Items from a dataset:
^^^^
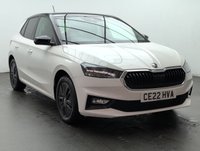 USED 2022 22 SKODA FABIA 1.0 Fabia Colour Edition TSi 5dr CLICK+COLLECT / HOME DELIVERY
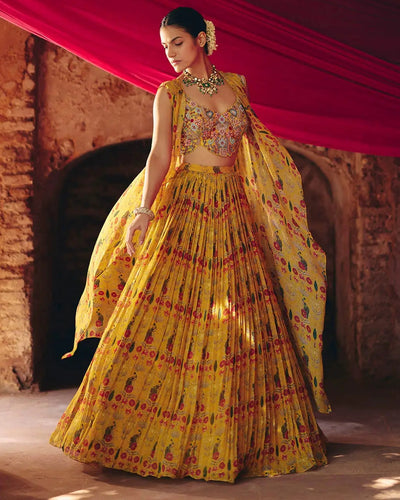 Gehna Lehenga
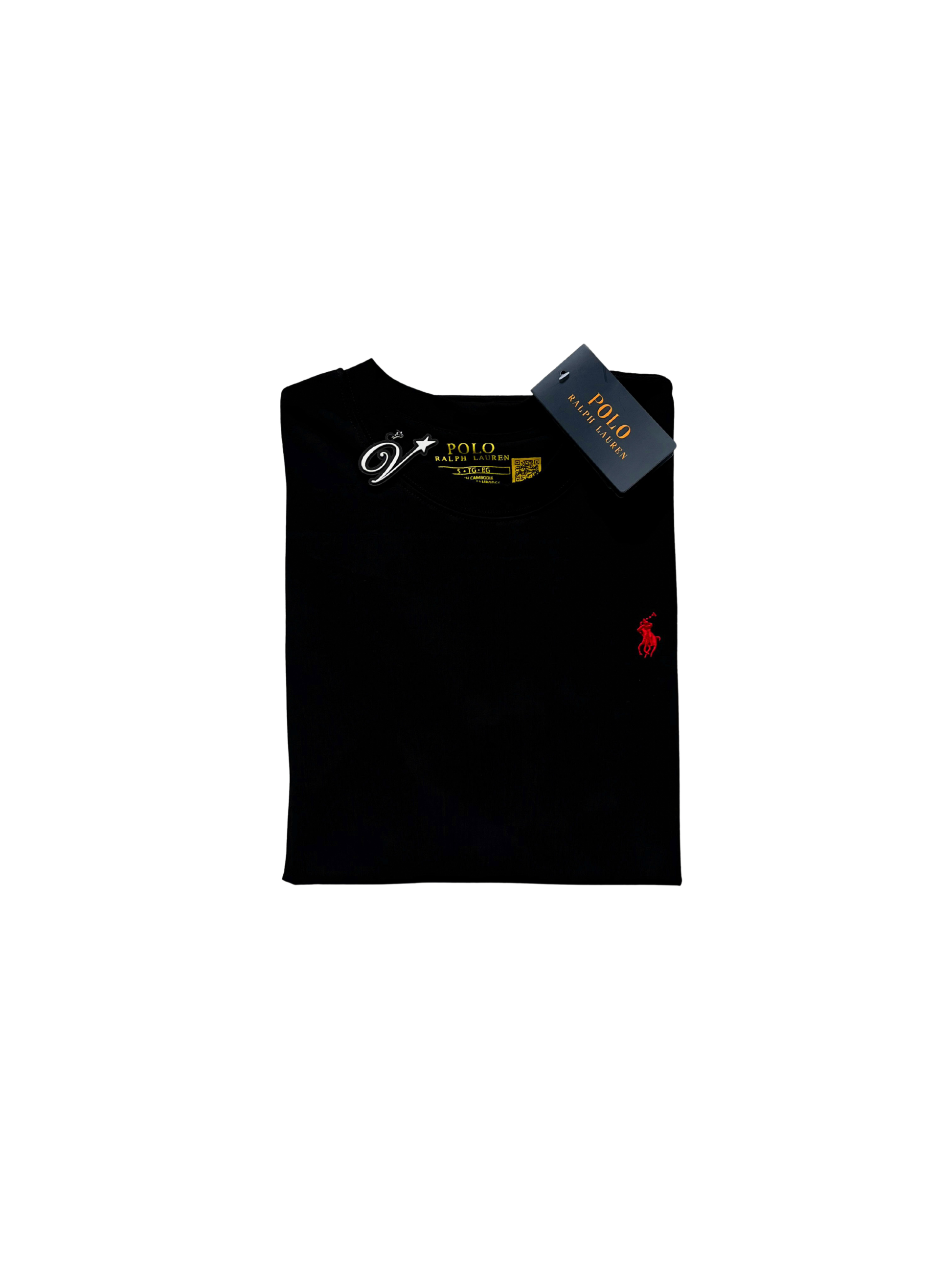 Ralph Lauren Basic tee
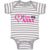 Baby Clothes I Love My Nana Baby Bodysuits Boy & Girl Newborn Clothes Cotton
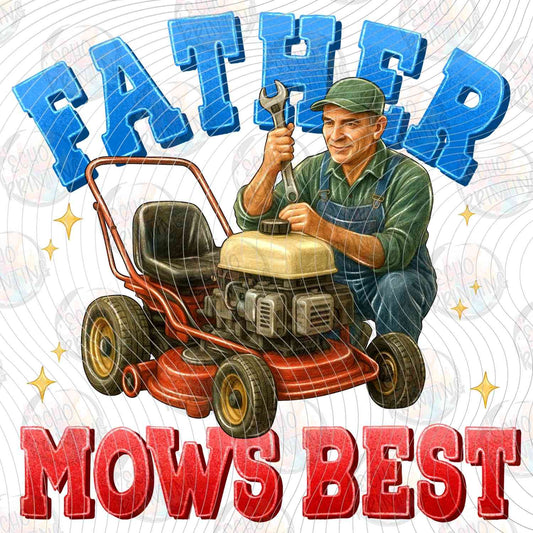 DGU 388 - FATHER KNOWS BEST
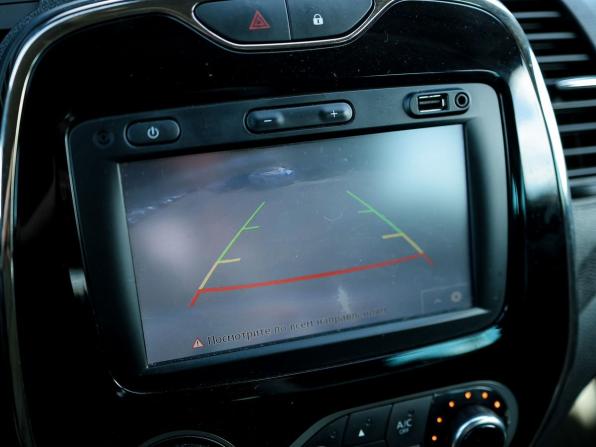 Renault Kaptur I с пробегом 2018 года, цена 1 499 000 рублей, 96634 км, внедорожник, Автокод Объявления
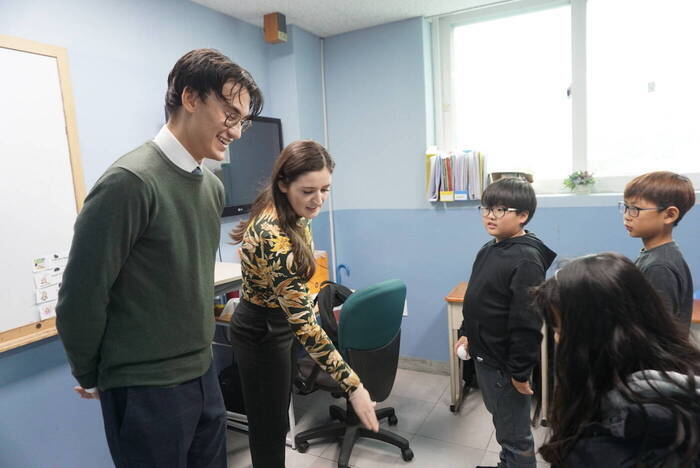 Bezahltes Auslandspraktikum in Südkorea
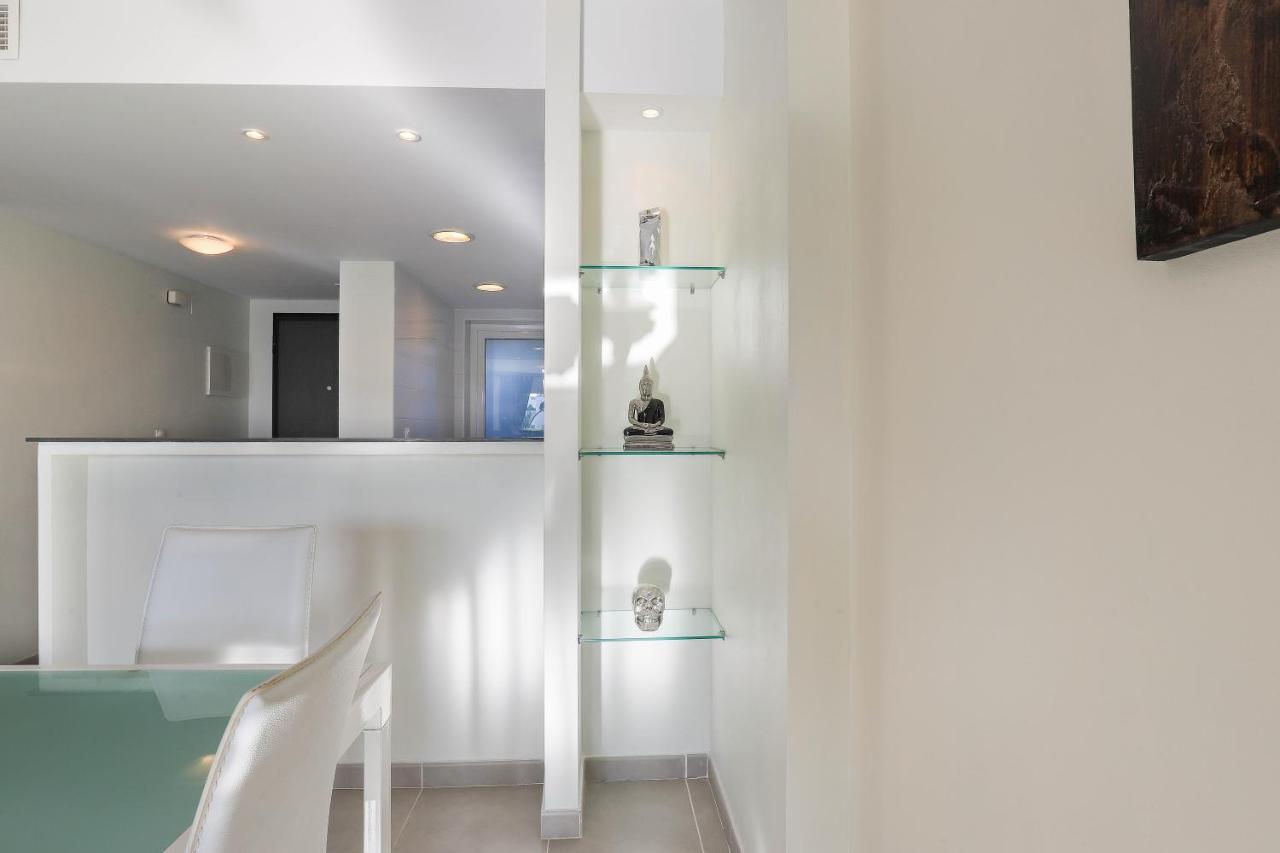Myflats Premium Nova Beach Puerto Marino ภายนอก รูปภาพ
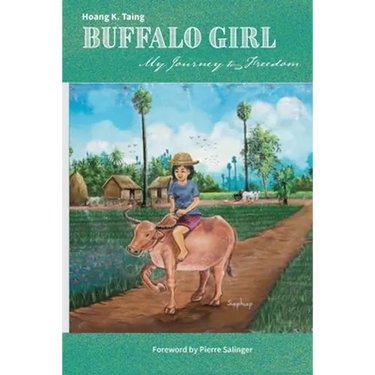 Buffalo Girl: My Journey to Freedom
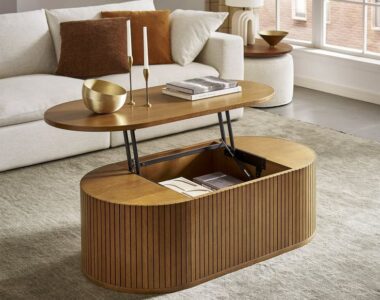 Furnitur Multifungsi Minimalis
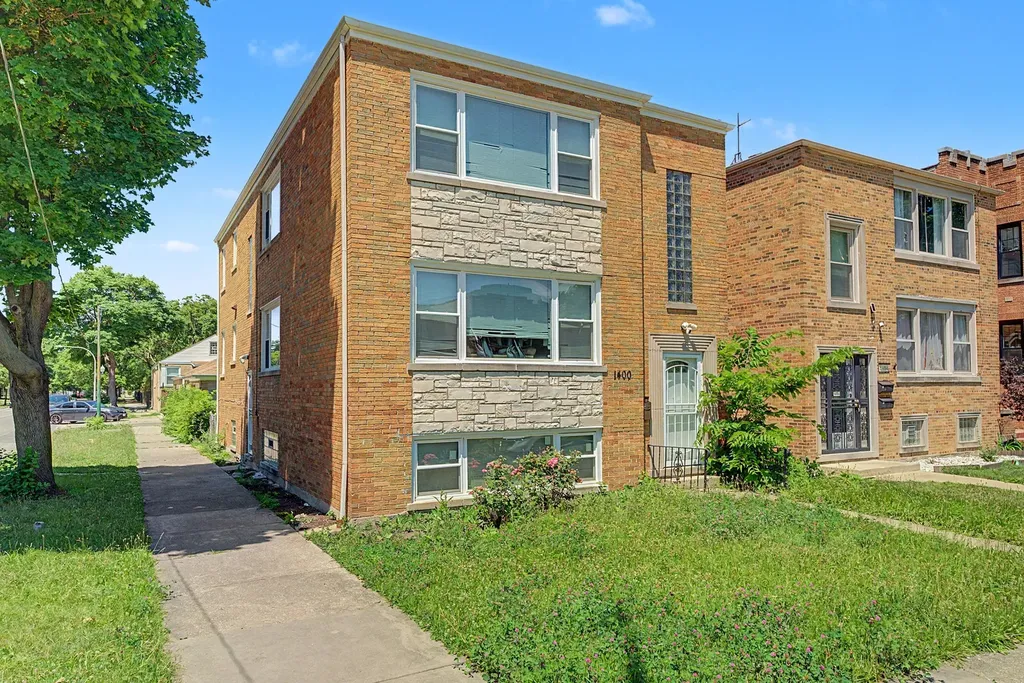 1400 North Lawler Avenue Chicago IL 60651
^^^^
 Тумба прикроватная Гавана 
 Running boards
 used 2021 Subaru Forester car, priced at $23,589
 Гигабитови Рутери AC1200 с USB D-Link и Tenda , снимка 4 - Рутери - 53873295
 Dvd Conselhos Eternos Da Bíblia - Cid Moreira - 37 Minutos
^^^^
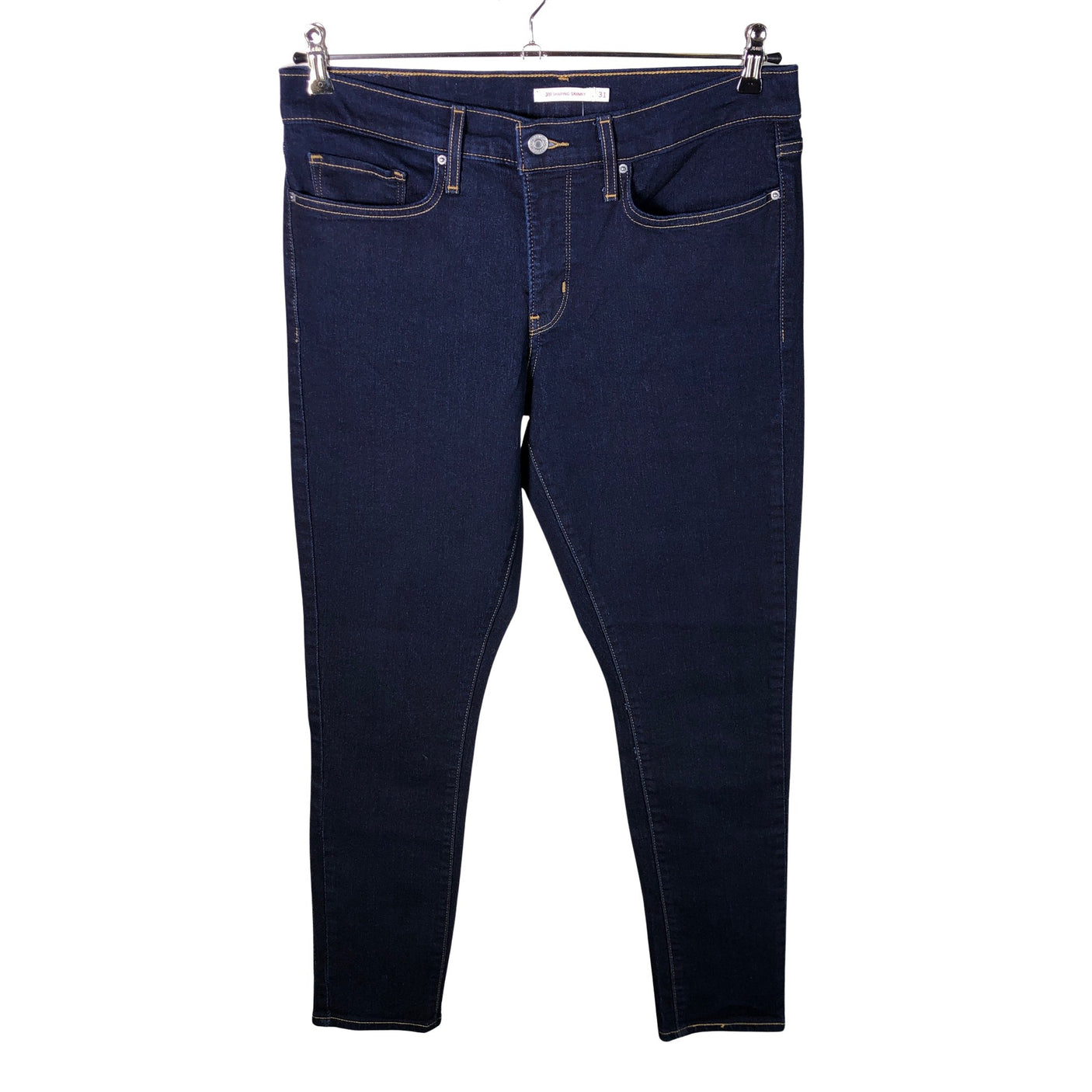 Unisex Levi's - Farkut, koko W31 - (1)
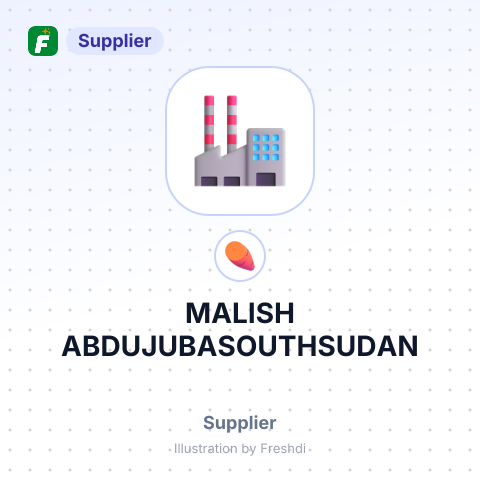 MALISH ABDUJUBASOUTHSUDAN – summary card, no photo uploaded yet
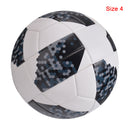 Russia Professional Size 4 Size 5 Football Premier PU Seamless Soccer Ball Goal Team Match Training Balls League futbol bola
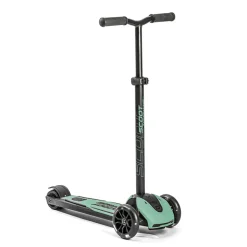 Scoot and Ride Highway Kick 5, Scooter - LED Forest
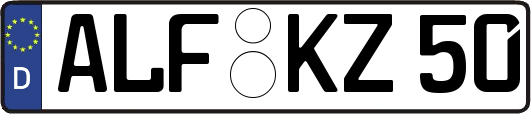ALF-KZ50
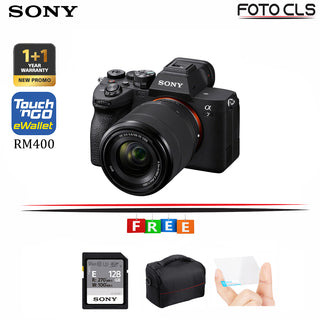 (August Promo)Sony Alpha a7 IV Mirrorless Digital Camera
^^^^
PROBLEM -
Transcribe the lines above exactly, beginning at the one with "Ralph Lauren Basic tee" and ending at the one with "1400 North Lawler Avenue Chicago IL 60651". Include both; exclude the pictures.

ANSWER TO THE EXERCISE -
 Ralph Lauren Basic tee
 Baby Clothes I Love My Nana Baby Bodysuits Boy & Girl Newborn Clothes Cotton
 DGU 388 - FATHER KNOWS BEST
 Renault Kaptur I с пробегом 2018 года, цена 1 499 000 рублей, 96634 км, внедорожник, Автокод Объявления
 Bezahltes Auslandspraktikum in Südkorea
Myflats Premium Nova Beach Puerto Marino ภายนอก รูปภาพ
 Buffalo Girl: My Journey to Freedom
 Furnitur Multifungsi Minimalis
 1400 North Lawler Avenue Chicago IL 60651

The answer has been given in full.